Something for Everyone

When you attempt to stand for everything, you end up standing for nothing. From the brochure for the WELS National Conference on Worship, Music, and the Arts: “Who should come? Anyone whose church is: Small-with fewer than 75 people in attendance on Sunday mornings, Large-with many members and many musical resources, Traditional-with a deep desire to retain familiar worship patterns, Diverse-with members and visitors of many ages and cultures, Evangelistic-with a congregational mindset for reaching the lost, Evaluating-with a desire to enhance worship that edifies members and guests, Experimenting-with a growing interest in new forms and music for worship, Actually a chapel-where daily worship serves high school or college students, Really a classroom-where children gather each day to worship the Lord.”
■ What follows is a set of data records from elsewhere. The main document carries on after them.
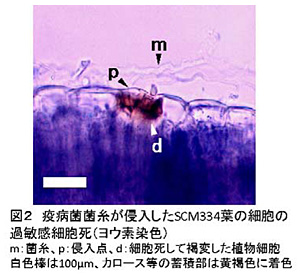 図2 疫病菌菌糸が侵入したSCM334葉の細胞の過敏感細胞死(ヨウ素染色)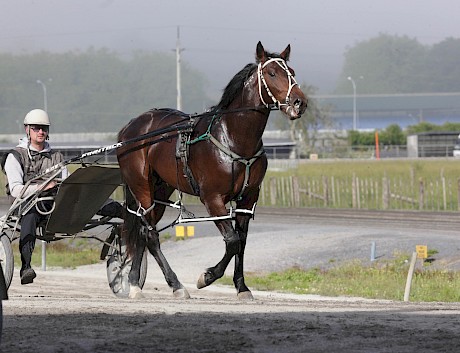 Frisco Bay was looking very promising as a two-year-old. PHOTO: Trish Dunell.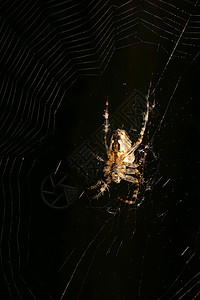 欧洲花园蜘蛛亚拉尼乌斯diadematus白色灰色蛛网绿色棕色动物黑色宏观脊椎动物照片图片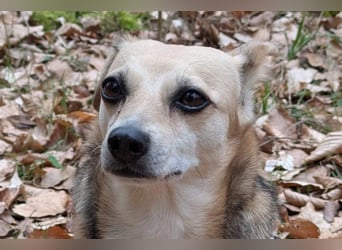 Sanfte ♥ Mirna ♥ in 67663 Kaiserslautern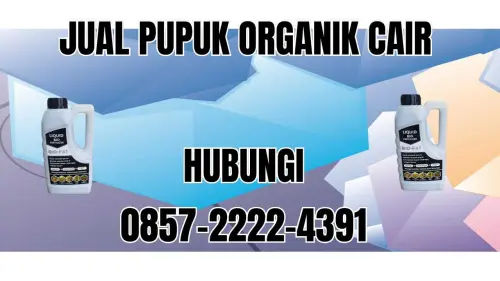 0857-2222-4391 Jual Pupuk Organik Cair Terdekat Gunung Kidul 0857-2222-4391 Jual Pupuk Organik Cair Terdekat Gunung Kidul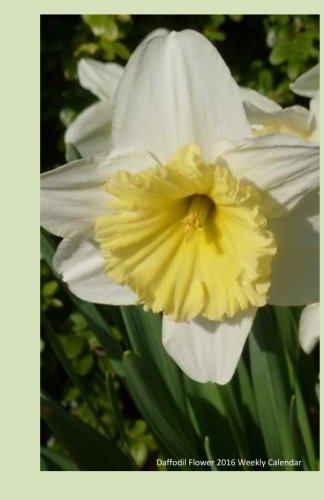 Daffodil Flower 2016 Weekly Calendar: 2016 week by week calendar with a cover photo of a bright yellow daffodil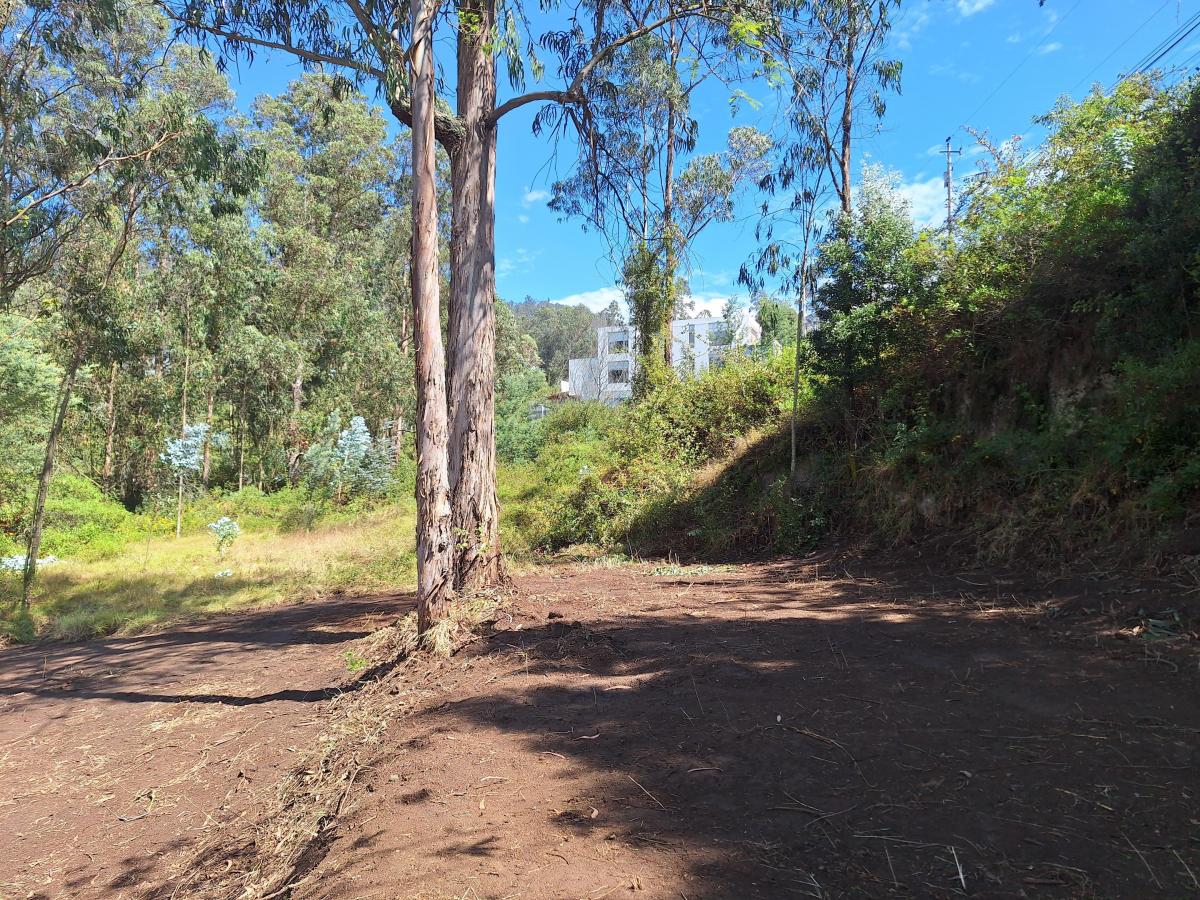 Lote de Terreno, Yanazarapata — imagen 10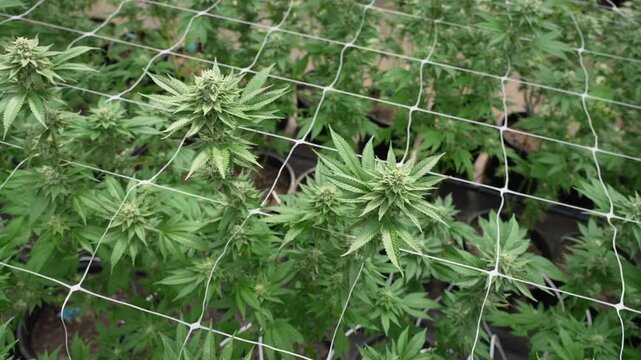 Mature cannabis colas grow upward through a white trellis net in an organized grow room. The shot tracks across dense green foliage and buds, useful for legal marijuana industry visuals.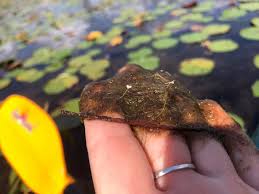 Image result for Volusia resupinata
It’s all about us. And it doesn’t seem to matter what you are doing or what you believe. If there is an underlying theology, it is well-hidden. Lip service is paid to Lutheran heritage and Gospel proclamation, but WE predominate. Pastor Aaron Christie in the March WELS Connection said that decisions about music need to be made in love. “What I like may not be what my brothers and sisters like.” We “need to experiment with musical styles in love.” Again, it’s all about us. Worship is what WE do for God, and lucky Him, He can hear both my bad taste in music and your bad taste in music. Hey, it’s all the same anyway.

Another telling statement from the March WELS Connection came from Grace Hennig, a presenter at the upcoming conference, “The wonderful thing is that more people are getting involved in the worship.” She was referring to the extra musicians and singers who are recruited for performances in church. This gives evidence of a common and faulty mindset in American Lutheranism, the only people involved in worship are the ones who are actively, outwardly doing something: pastor, musician(s), singers, readers, flag wavers, liturgical dancers, etc. This is simply not true. All members of the Bride of Christ are involved deeply and meaningfully. They receive God’s gifts of forgiveness, life, and salvation, and pray, thank and praise God for them. We are not there primarily to “do stuff” but to “get stuff”.
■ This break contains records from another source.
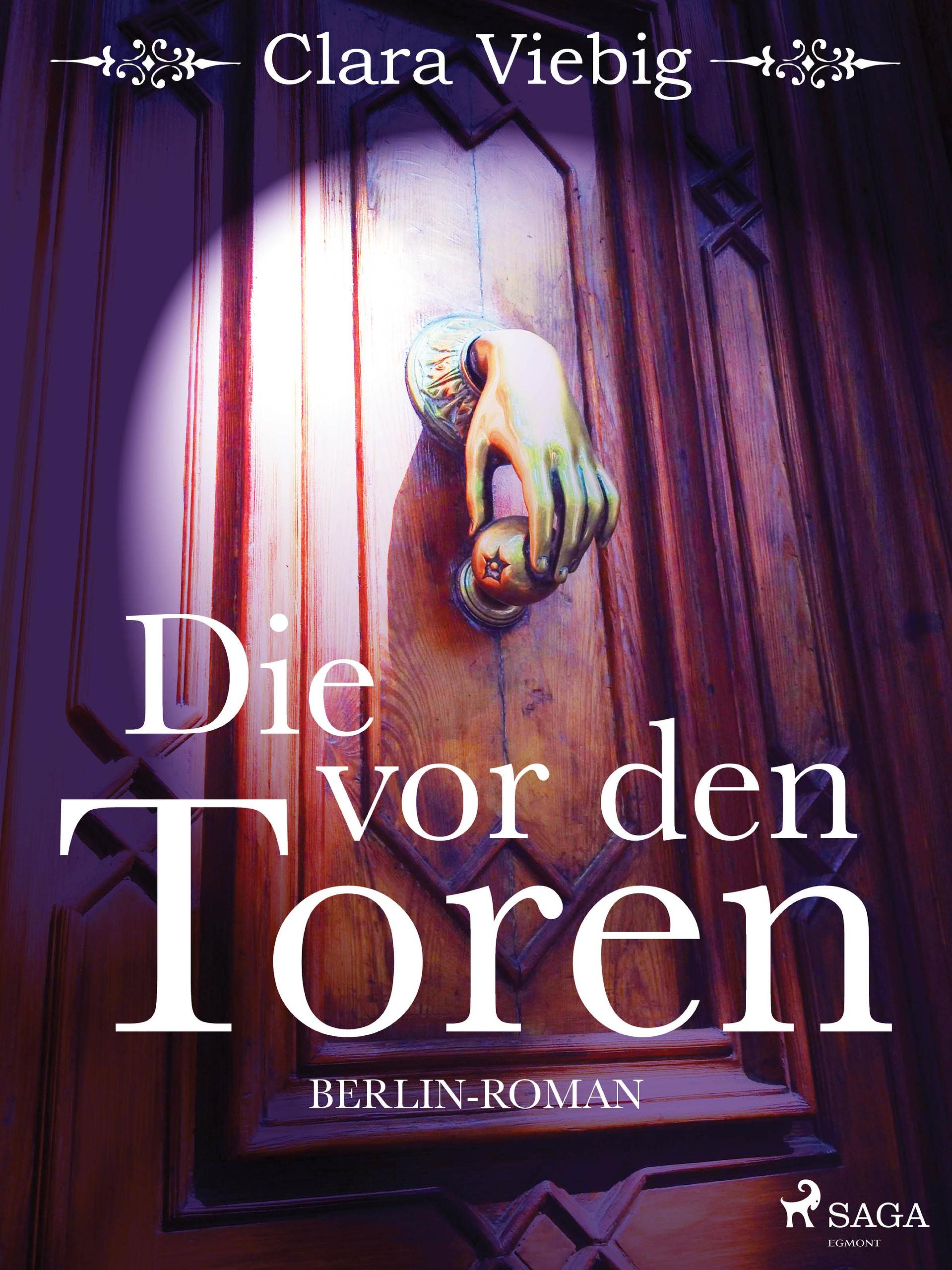 Обложка книги «Die vor den Toren»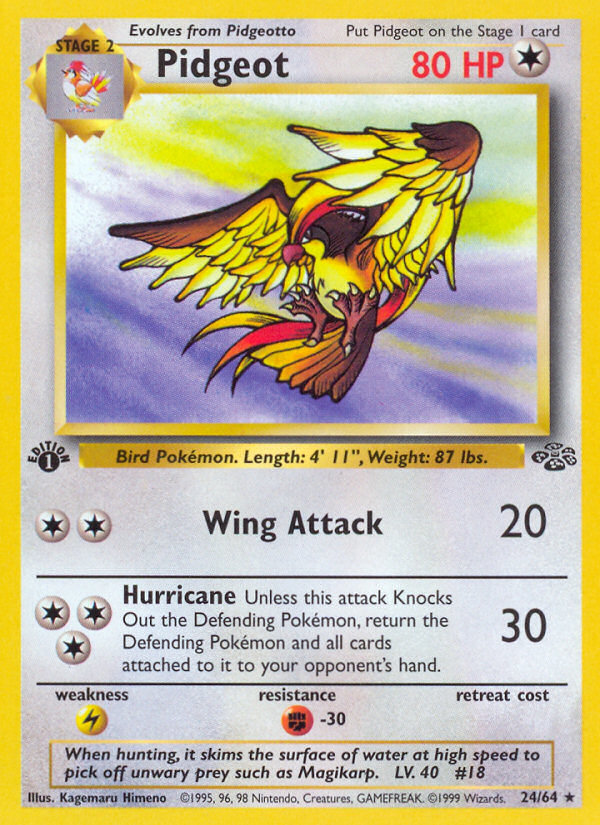 Pidgeot (24/64) [Jungle 1st Edition] | Odin's Place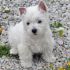 West Highland terrier cucciolo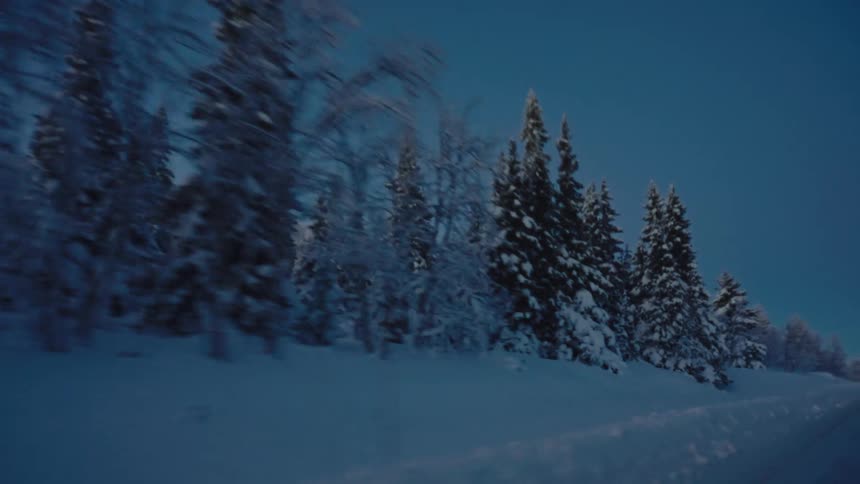 A serene point-of-view drive down a quiet, snow-covered road flanked by a dense, wintry forest at dusk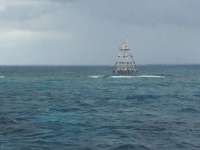 Great day of scuba diving in Key Largo with Rainbow Reef on eagle ray alley tropical odyssey 2014 10 20 r904 1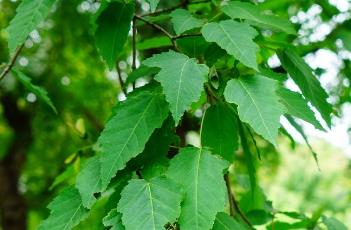 茶条槭 茶条槭价格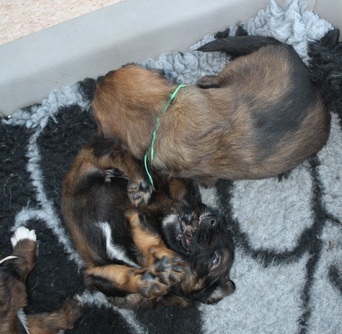 T-Wurf15025 T-Wurf15025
From the director of the high school Honors Choir for the National Conference on Worship, Music, and the Arts, Michael Goede: “If the mission of the Church really is to spread the Gospel to all nations, how do we reflect the global church within each of the congregations and really recognize the different cultures that are coming in? And to integrate that into our worship, I think, is really important.”

We have an easy solution: the historic liturgy of the Church. Because of its age and multitude of geographical sources, the liturgy reflects the true multiculturalism of the Church better than any new, contrived program could. Parts extend back to before the time of Christ in Jewish synagogue worship. Other parts come from North Africa, Syria, Greece, Rome, Germany, France, England, and Spain. In every place the liturgy is used, those who pray it add their own stamp through hymnody. All three sons of Noah (Shem, Ham, and Japheth) are represented by their descendants’ contributions to the liturgy of the Church catholic. The liturgy of the Church is not exclusive to one culture, it transcends all human cultures. Though the contributions came from different locations, the source for all of the liturgy is Scripture. To say, as some have, that when “ministering” to certain ethnic groups we should ditch the liturgy in favor of pandering to human culture, is racist. To assume that because of the color of someone’s skin, where they live, or their socio-economic situation, they should be fed thinly veiled Pentecostalism, Methodism, or American Evangelicalism by “Lutherans” is judging, condescending, and wrong. There is not a black form of Christianity, or a white form, or a Hispanic form. There is one faith, one Lord, one Baptism. Through the historic liturgy of the Church, we transcend our earthly ethnicity and embrace our ethnicity as the people of God. We have unity with Christians around the world, as well as those who have gone before us into the Heavenly Feast, and God-willing, those who will come after us.